* Data shown *

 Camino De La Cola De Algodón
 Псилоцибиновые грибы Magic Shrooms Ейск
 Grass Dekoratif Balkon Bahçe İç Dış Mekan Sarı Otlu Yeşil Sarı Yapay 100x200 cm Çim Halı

* Work instructions *
What you return must match the data word for word.

* Task output *
 Camino De La Cola De Algodón
 Псилоцибиновые грибы Magic Shrooms Ейск
 Grass Dekoratif Balkon Bahçe İç Dış Mekan Sarı Otlu Yeşil Sarı Yapay 100x200 cm Çim Halı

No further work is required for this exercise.